2)according to the P2: Standard Reductions Table on Libre Texts, the half-cell reduction potential value for this reaction is 1.36 V. I do not think your half cell standard reduction value is completely incorrect, but it may not be as precise as the ones provided through Libretexts.

\(\mathrm{Anode: {Ag(s)→Ag^++e^-}}\) \(\mathrm{E=0.800V}\)

1) The same goes for this half-reaction. According to Table P2: Standard Reduction Potentials Table, the value of the standard cell potential for the reduction half-reaction is .7996 Volts. This is very very close to the value you have, so it is up to you on whether or not to change it, but I do believe that this table provides more accurate reduction values.

Then, the equation for standard cell potential can be applied with the reduction potential values at the cathode and anode.

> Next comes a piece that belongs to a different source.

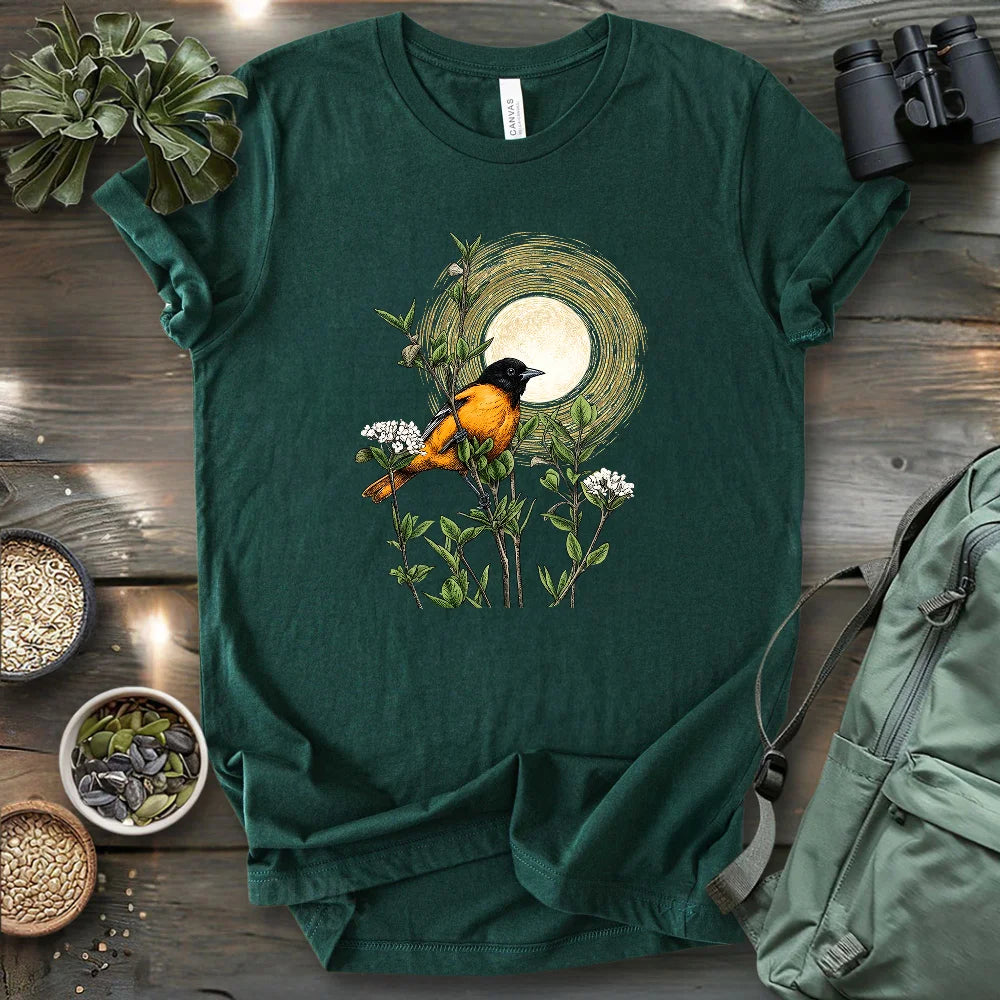 Oriole Under Forest's Moonlight T-shirt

\(\mathrm{E_{cell}=E_{cathode}-E_{anode}}\)

\(\mathrm{=1.33-0.800V}\)

\(\mathrm{=0.53V}\)

The calculated standard cell potential using the new values of the standard cell reduction potentials for both the anode and the cathode would be .5604 Volts (.560 with correct number of significant digits).

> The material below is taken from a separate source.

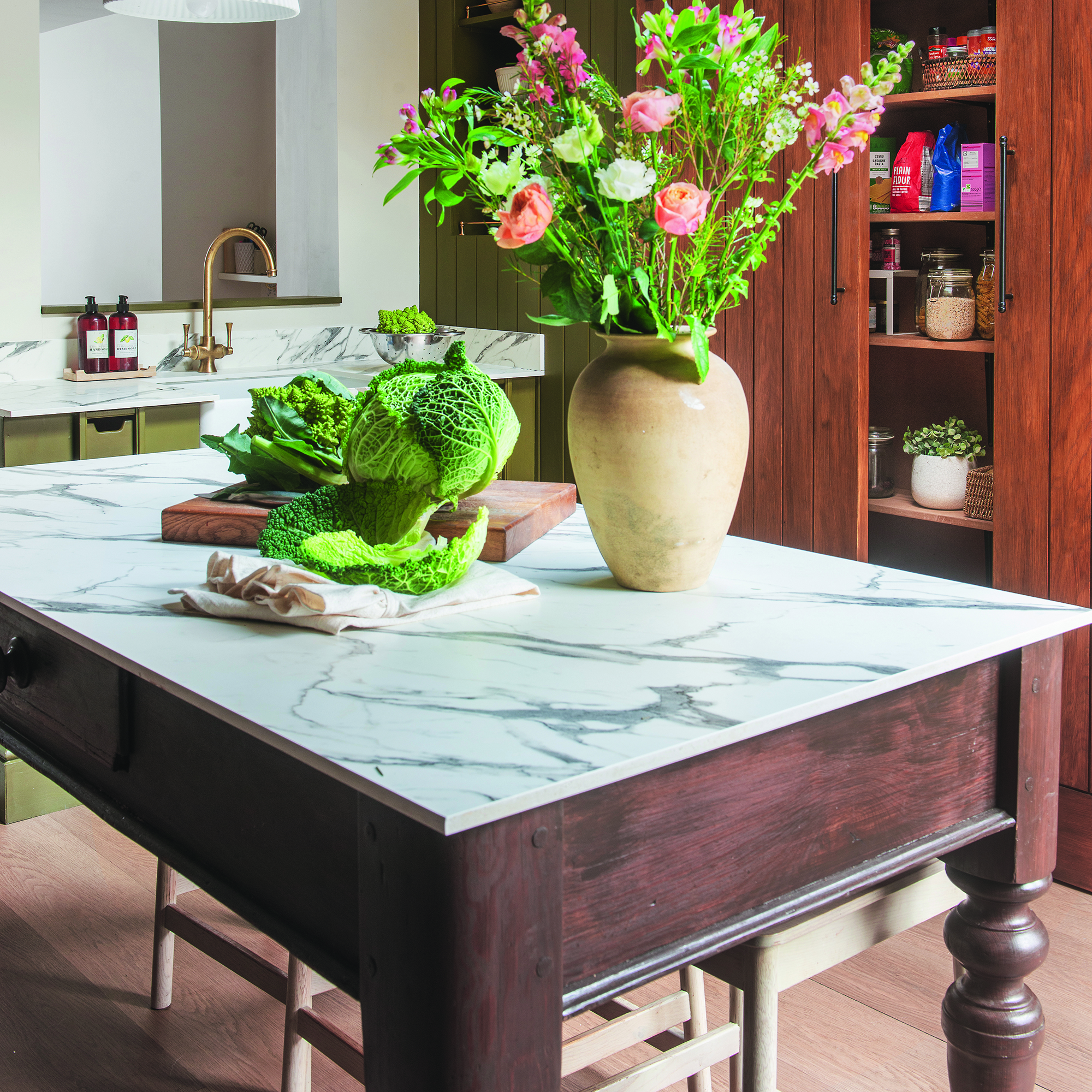 Prep table in kitchen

2. When standard cell potential has been calculated, the free gibbs energy can also be calculated using an equation that relates the two variables together.

Standard conditions:

\(\mathrm{ΔGº=-nFEº_{cell}}\)

\(\mathrm{=(-6mol)(96485Cmol^{-1})(0.53V)}\)

\(\mathrm{=-30682.23V}\)

1) The units of Gibb's free energy are not volts, but rather joules because they are concerning energy, not electrical potential. To further support this, I J = I V * I C confirms that the units of energy of the product in this equation should be in Joules since the remaining units are in V*C.

2) If you use the calculated standard cell potential using the new values of the standard cell reduction potentials for both the anode and the cathode, the Gibb's free energy would be 324421.164 Joules (324000 Joules with correct amount of significant digits).

A negative free gibbs energy means the reaction is spontaneous.

3. The rate constant can then be found using the equation that relates cell potential and the rate constant.

\(\mathrm{E_{cell}={(-RT/nF)}lnK}\)

\(\mathrm{K=e^{(-nFE_{cell})/(RT)}}\)

\(\mathrm{K=6.43*10^{54}}\)

1) Make sure to add in notation that you are using the cell potential of the cell under standard conditions in this equation, because it appears as if you are using the numerical value of the cell under non-standard conditions

2) The correct equation does not have a negative sign in front of the raised expression, so the correct equation would be:

\(\mathrm{E^{\circ}={(RT/nF)}lnK}\)

2) Using the new value for the standard cell reduction potentials for both the anode and the cathode that gives a standard cell potential of .5604 Volts, the rate constant would come out to \(\mathrm{K=7.38*10^{56}}\)

4. The reaction can be spontaneous. ΔGº is very negative.

Because free gibbs energy is negative, this means the reaction will go to completion.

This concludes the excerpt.